Stepinac, proclamato beato nel 1998 da papa Giovanni Paolo II, è venerato dai cattolici croati come martire per la libertà di confessione e come fautore del mantenimento delle radici cattoliche in Croazia durante il comunismo.
Ancora nel 1992 il Parlamento croato votò una risoluzione di riabilitazione dell’alto prelato, proclamato cardinale nel 1952, nei giorni della sua prigionia.
Ma la figura di Stepinac è da anni al centro di dissidi e dispute tra la chiesa cattolica croata e quella ortodossa serba.
In Serbia è criticato per la sua fedeltà al regime degli ustascia, resosi colpevole di atroci persecuzioni e uccisioni di serbi ed ebrei o delle forzate conversioni di migliaia di ortodossi.
In Vaticano la causa per la sua santificazione è praticamente conclusa, ma la sua proclamazione a santo è stata per ora bloccata in attesa delle conclusioni di una commissione mista cattolici-ortodossi che ha iniziato i lavori la settimana scorsa e di cui fanno parte autorevoli rappresentati delle due chiese.
Secondo gli analisti croati la commissione, che non ha nessuna autorità a esprimersi in merito alla santità di Stepinac, è stata voluta da papa Francesco come gesto di buona volontà e dialogo ecumenico tra cattolici e ortodossi.
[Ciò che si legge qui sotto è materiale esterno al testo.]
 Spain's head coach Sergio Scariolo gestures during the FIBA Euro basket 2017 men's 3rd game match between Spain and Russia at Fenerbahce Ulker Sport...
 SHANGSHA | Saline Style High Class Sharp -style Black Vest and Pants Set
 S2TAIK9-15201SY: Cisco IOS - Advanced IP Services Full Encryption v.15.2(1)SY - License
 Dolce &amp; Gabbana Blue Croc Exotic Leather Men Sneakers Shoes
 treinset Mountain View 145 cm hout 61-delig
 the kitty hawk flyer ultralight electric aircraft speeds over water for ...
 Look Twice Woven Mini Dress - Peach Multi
Della vicenda storica si occupa, in chiave accusatoria, il volume di Marco Aurelio Rivelli «L'Arcivescovo del genocidio. Monsignor Stepinac, il Vaticano e la dittatura ustascia in Croazia, 1941-1945)», Kaos edizioni, 1999, 292 pagine e 35.000 lire. L'opera analizza il ruolo dell'arcivescovo di Zagabria nel cosidetto "olocausto dei Balcani", lo sterminio di centinaia di migliaia di serbo-ortodossi, ebrei e rom da parte degli ustascia di Ante Pavelic.
«Stepinac - spiegava Rivelli in un'intervista a Noisiamochiesa.org - partecipò fin dai primissimi giorni dopo l’invasione nazifascista all’accreditamento del regime ustascia, spesso presenziando alle manifestazioni del regime; membro del Parlamento-fantoccio di Pavelic, condivise l’oltranzismo antiserbo e sostanzialmente tacque sulle stragi (salvo -pare- in alcune omelie che non lasciarono traccia in alcun documento scritto o in alcuna direttiva al suo clero); condivise la linea delle conversioni forzate salvo questionare con gli ustascia su chi dovesse accettarle e gestirle. Stepinac fu definito dal noto storico delle democrazie popolari Francois Fejto “il simbolo esasperato dello sciovinismo cattolico croato”.
Volutamente non ho scritto niente sul processo. Ho fatto una ricerca sugli anni ‘41-’45. Per me Stepinac deve essere giudicato a partire da quegli anni e tenendo ben presente quello che successe, l’efferato genocidio dei serbo-ortodossi.
Tito cercò di fare in modo che Stepinac lasciasse la Croazia per non processarlo e per non farne un martire; il processo infatti si tenne ben sedici mesi dopo la fine della guerra».